* _Required work_: Among the lines below, take the one holding "Hyundai ix35 2014, 189,000 km - 2.0 l - Bakı", the one holding "Sneakers dama Samir Albi - Img 5", and all lines between them. Set them down exactly.

* _Data shown_:
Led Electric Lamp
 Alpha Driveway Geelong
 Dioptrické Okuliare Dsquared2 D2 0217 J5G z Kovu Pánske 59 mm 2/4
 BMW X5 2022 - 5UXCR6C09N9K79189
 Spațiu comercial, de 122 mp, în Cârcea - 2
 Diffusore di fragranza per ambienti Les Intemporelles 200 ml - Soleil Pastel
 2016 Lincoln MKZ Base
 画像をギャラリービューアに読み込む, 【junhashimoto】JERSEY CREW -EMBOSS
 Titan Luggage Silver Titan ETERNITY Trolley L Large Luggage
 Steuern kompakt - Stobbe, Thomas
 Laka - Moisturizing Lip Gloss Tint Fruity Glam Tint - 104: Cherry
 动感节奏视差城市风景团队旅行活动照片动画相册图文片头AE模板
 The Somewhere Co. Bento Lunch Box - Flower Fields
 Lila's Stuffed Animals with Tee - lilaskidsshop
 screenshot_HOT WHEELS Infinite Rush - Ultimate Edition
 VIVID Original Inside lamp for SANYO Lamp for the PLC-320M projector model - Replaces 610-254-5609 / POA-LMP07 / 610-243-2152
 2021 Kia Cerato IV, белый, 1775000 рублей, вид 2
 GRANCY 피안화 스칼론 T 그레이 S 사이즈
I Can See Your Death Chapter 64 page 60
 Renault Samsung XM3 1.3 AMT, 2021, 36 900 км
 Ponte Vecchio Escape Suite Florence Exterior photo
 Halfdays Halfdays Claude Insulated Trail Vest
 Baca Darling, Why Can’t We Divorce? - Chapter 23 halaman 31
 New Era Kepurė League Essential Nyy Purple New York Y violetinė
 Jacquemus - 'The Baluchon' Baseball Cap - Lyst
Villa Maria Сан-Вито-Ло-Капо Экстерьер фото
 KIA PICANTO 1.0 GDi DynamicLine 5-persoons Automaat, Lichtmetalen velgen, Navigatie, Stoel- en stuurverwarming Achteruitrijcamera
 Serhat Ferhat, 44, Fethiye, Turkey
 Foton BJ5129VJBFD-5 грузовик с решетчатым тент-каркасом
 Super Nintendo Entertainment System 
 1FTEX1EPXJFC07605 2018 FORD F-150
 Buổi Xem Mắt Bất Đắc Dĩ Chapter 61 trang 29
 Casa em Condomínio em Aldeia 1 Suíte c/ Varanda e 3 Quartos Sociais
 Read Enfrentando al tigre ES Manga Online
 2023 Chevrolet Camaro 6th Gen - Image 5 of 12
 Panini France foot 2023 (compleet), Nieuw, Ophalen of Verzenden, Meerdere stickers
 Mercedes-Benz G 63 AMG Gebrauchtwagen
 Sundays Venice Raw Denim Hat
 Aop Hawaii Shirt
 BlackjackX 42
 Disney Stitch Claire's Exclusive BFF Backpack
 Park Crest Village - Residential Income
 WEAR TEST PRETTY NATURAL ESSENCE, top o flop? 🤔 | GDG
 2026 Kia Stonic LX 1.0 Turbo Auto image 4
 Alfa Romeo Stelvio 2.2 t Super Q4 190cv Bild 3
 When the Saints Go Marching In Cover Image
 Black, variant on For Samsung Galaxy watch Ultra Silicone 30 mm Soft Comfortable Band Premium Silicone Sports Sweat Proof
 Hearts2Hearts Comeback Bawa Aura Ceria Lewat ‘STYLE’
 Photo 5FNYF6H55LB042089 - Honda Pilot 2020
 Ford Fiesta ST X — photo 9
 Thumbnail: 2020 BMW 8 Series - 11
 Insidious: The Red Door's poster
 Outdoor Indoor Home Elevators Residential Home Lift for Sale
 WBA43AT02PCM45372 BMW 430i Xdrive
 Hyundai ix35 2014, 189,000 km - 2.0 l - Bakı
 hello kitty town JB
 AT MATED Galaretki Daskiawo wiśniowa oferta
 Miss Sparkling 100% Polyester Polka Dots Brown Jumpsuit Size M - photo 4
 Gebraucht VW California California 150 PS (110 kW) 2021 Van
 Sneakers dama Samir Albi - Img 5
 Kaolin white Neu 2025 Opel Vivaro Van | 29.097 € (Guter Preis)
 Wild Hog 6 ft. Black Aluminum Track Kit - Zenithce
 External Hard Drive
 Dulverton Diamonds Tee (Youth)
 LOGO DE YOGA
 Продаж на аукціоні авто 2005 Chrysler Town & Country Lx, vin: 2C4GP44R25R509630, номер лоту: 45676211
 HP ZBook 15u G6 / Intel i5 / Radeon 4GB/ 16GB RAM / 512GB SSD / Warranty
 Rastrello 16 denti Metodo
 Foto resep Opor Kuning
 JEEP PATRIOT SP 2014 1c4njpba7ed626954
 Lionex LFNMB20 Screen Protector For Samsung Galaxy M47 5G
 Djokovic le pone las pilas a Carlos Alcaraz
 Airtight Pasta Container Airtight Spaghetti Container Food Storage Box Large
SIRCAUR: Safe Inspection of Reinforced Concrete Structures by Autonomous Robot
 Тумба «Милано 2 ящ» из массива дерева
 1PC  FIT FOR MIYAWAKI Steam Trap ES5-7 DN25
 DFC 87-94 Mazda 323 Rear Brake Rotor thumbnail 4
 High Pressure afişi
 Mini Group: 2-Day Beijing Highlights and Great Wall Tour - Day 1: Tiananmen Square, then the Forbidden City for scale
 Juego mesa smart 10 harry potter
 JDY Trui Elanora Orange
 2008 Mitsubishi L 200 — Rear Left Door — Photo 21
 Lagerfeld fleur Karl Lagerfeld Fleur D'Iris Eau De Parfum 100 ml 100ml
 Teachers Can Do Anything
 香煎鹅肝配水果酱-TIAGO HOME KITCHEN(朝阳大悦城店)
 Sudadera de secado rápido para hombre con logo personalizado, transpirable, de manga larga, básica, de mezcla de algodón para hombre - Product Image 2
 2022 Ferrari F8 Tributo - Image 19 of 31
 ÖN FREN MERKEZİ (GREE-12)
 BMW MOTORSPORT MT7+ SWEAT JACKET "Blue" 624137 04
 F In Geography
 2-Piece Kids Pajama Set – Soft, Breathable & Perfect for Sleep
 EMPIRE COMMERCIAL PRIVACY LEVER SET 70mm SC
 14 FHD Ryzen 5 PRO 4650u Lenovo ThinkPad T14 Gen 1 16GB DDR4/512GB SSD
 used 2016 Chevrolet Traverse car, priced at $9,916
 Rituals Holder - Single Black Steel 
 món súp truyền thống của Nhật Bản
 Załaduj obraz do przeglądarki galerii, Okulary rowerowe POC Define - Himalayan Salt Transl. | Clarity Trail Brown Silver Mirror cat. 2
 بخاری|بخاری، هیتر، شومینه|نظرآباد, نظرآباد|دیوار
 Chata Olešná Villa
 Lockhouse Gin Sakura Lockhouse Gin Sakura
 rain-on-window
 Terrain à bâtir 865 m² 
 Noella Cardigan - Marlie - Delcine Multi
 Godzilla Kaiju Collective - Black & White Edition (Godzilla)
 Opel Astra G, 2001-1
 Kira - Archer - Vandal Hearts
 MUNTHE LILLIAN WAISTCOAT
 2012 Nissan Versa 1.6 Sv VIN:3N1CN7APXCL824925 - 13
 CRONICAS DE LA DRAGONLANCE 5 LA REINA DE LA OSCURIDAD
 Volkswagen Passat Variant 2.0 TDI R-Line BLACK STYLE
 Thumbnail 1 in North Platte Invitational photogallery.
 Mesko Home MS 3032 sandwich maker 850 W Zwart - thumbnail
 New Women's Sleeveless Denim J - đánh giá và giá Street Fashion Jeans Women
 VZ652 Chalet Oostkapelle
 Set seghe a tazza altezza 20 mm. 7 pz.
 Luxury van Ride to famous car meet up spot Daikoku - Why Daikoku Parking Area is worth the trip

* _Reply to the exercise_:
 Hyundai ix35 2014, 189,000 km - 2.0 l - Bakı
 hello kitty town JB
 AT MATED Galaretki Daskiawo wiśniowa oferta
 Miss Sparkling 100% Polyester Polka Dots Brown Jumpsuit Size M - photo 4
 Gebraucht VW California California 150 PS (110 kW) 2021 Van
 Sneakers dama Samir Albi - Img 5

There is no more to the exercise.